» Try it
Count how many lines in the data hold "Hooded". Only the number.

» Supplied data
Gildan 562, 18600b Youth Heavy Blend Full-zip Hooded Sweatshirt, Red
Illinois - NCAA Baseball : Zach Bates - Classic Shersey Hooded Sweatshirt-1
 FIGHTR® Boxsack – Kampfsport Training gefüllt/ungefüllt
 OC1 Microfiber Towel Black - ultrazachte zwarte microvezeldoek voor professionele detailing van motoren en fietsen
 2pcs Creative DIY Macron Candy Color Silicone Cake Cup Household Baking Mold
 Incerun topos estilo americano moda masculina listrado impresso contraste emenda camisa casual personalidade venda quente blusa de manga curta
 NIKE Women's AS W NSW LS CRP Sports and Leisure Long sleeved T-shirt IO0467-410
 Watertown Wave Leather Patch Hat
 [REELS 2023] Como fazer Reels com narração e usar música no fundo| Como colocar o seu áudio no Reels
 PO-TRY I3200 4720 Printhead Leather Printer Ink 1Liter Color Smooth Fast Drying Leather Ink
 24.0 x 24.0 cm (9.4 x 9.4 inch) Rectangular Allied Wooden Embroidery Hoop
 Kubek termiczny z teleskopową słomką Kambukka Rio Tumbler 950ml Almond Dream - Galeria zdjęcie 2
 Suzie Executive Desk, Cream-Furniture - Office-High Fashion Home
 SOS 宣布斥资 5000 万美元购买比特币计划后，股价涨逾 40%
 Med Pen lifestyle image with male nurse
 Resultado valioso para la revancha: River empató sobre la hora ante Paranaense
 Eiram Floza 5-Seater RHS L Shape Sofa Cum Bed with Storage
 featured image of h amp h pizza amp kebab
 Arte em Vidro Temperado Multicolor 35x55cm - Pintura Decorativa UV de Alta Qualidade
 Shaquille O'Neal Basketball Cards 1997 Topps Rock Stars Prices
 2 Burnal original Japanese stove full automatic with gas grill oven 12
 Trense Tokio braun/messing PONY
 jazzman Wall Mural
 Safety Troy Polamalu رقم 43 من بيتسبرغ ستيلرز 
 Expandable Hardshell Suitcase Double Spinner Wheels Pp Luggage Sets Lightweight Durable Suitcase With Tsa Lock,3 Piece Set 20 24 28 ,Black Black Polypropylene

» Task solution
2